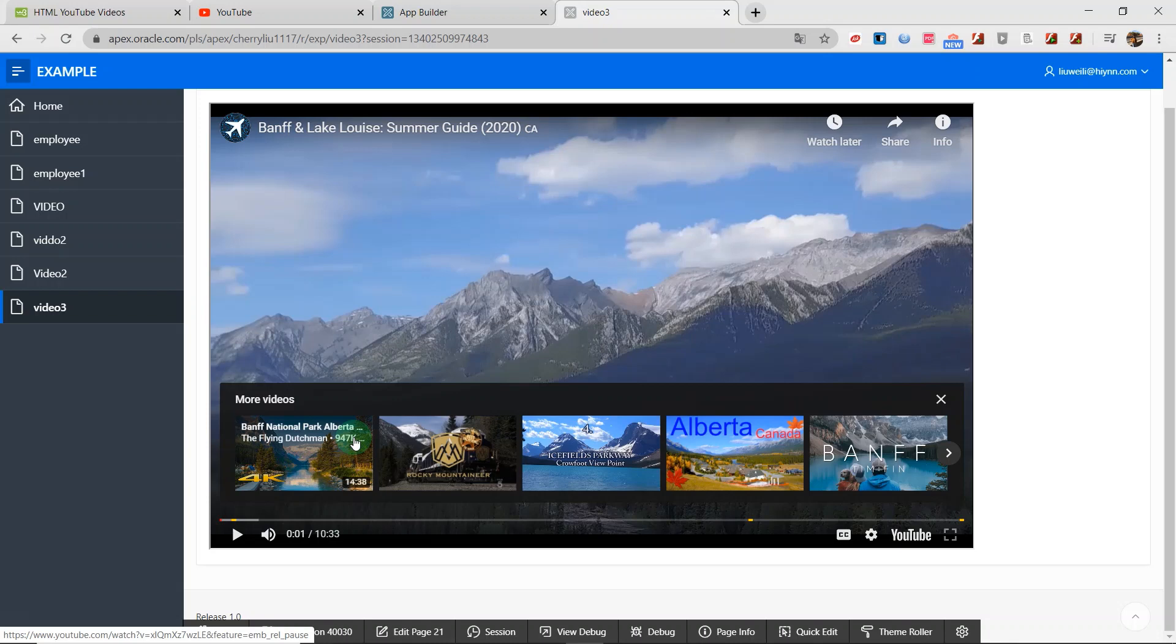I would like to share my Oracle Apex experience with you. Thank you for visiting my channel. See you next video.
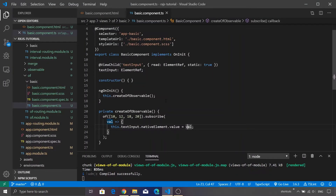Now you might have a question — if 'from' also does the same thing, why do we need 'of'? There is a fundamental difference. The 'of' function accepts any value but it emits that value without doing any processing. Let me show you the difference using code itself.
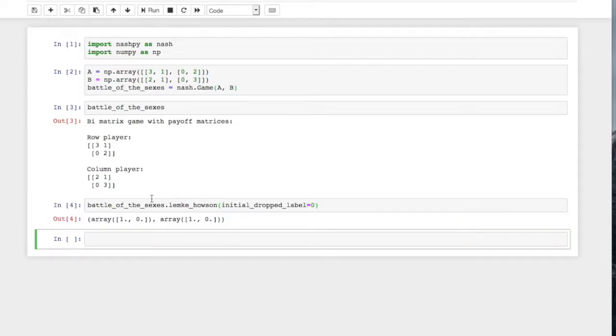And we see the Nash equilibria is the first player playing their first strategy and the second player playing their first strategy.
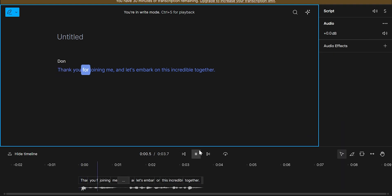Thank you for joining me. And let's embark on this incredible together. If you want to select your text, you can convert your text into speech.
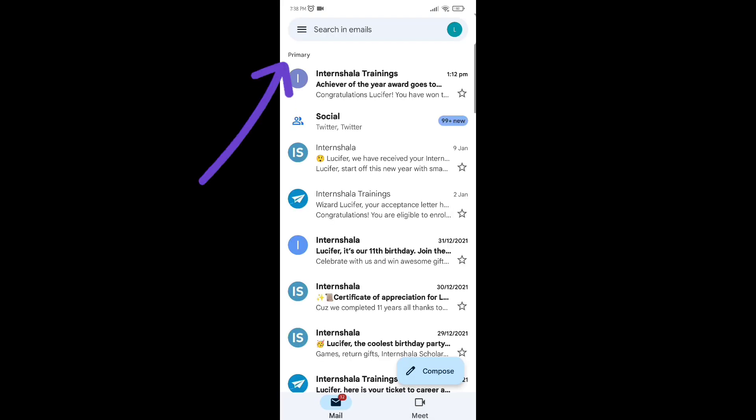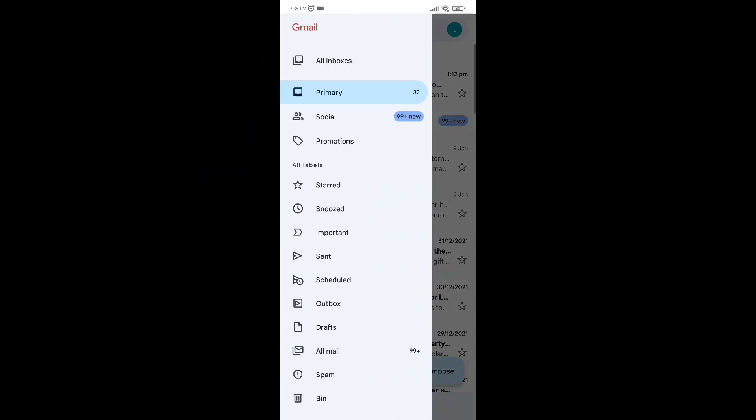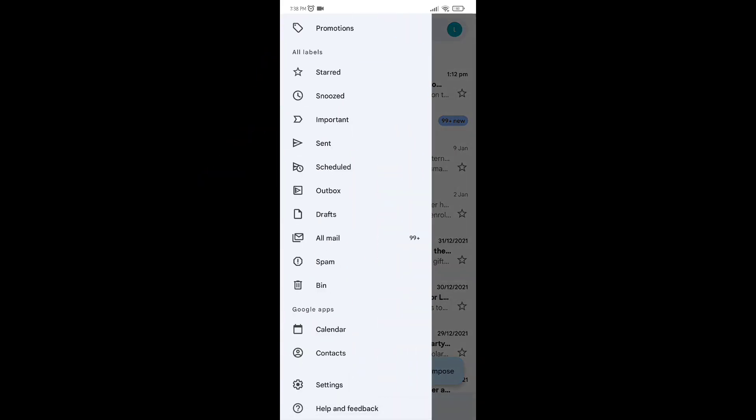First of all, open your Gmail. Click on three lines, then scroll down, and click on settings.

::::::::::

Restate the entire listing word for word, excluding pictures.

I would like to share my Oracle Apex experience with you. Thank you for visiting my channel. See you next video.
Now you might have a question — if 'from' also does the same thing, why do we need 'of'? There is a fundamental difference. The 'of' function accepts any value but it emits that value without doing any processing. Let me show you the difference using code itself.
And we see the Nash equilibria is the first player playing their first strategy and the second player playing their first strategy.
Thank you for joining me. And let's embark on this incredible together. If you want to select your text, you can convert your text into speech.
First of all, open your Gmail. Click on three lines, then scroll down, and click on settings.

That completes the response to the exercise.